MATCH_ANY 'music' shrinks the candidate set to rows whose body contains "music"; the ANN index then ranks those rows by distance to the query vector and returns the closest two.

When should you use Apache Doris hybrid search?

Use Apache Doris hybrid search when you need keyword filtering and vector similarity over the same data, in one SQL query, without running a separate vector database.

Good fit

  • RAG retrieval where keyword filters (tenant, doc type, date range) need to narrow the corpus before semantic ranking.
  • Product or catalog search that mixes structured filters (brand, price, in-stock) with embedding similarity over title and description.
  • Log and document search where users routinely mix "must contain X" with "looks like Y".
  • Workloads that already store the data in Doris for SQL analytics and don't want to ship a copy to a vector database.

Not a good fit

  • Pure billion-scale ANN with no filters and no analytics.
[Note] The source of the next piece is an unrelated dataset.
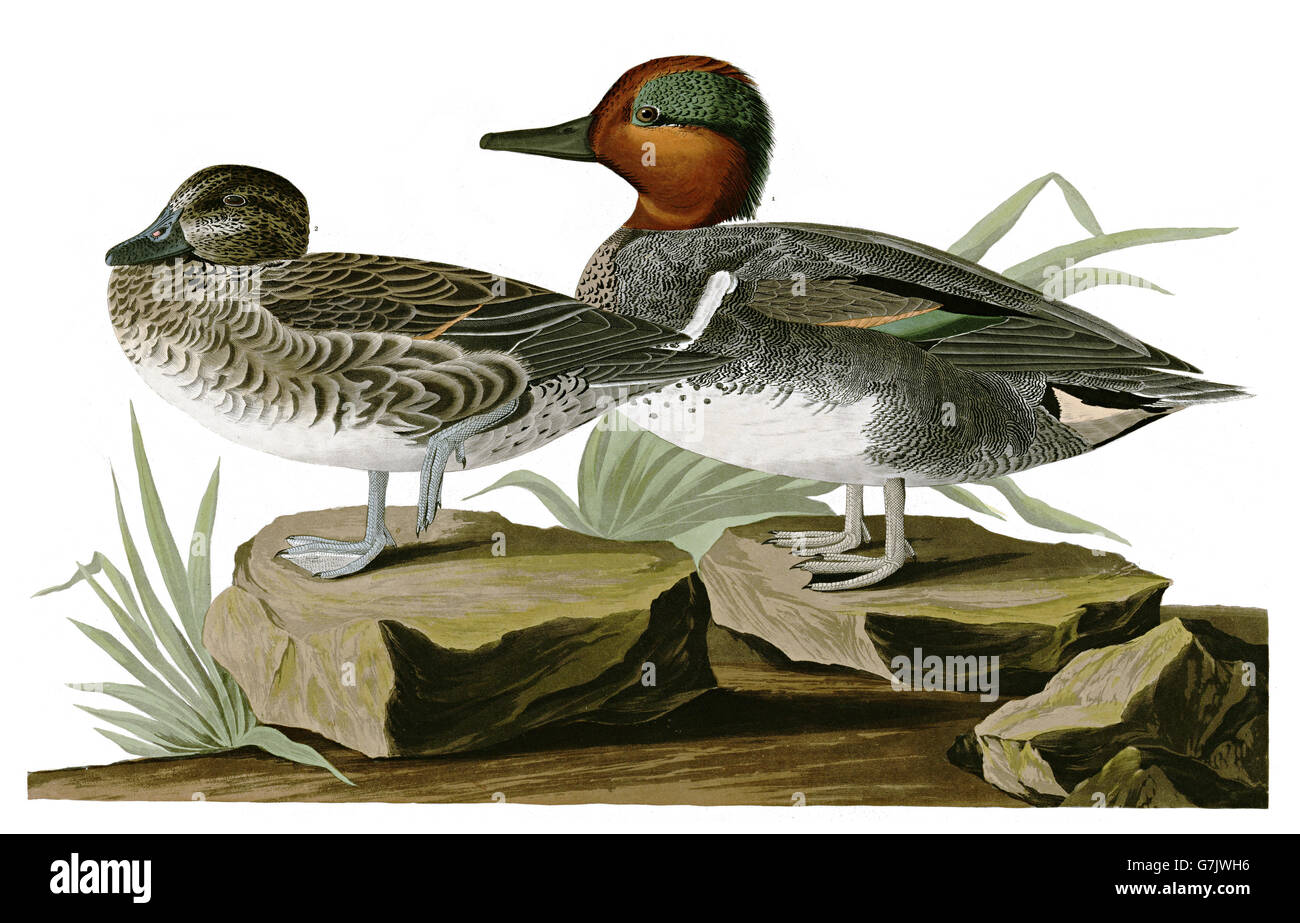 Grün – Winged Teal, Anas Vogelarten, Vögel, 1827-1838 Stockfoto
A dedicated vector DB may use less memory and cost less per query.
  • Tables that need AGGREGATE KEY, or UNIQUE KEY without merge-on-write. ANN indexes today require DUPLICATE KEY or MoW UNIQUE KEY tables.
  • Nullable vector columns. The vector column must be NOT NULL ARRAY<FLOAT> with a fixed dimension that matches the index.
  • Workloads that depend on Reciprocal Rank Fusion across two scorers. Doris fuses via SQL ORDER BY, not RRF. If you need RRF, issue two queries from the application and fuse the rankings yourself.

How it compares

AspectDoris hybrid searchElasticsearch + vector DBVector DB only
Ingest pipelinesonetwo, kept in syncone
Query pathone SQLapp-side fusionone API
Filter expressivenessfull SQL (joins, range, agg)DSL, limited joinstag and metadata only
Analytics on same datafull MPP SQLlimitednone

Hybrid search in Doris pays off when you already want joins or aggregations on the same data. For pure vector lookup at extreme scale, a dedicated vector DB is usually simpler to operate.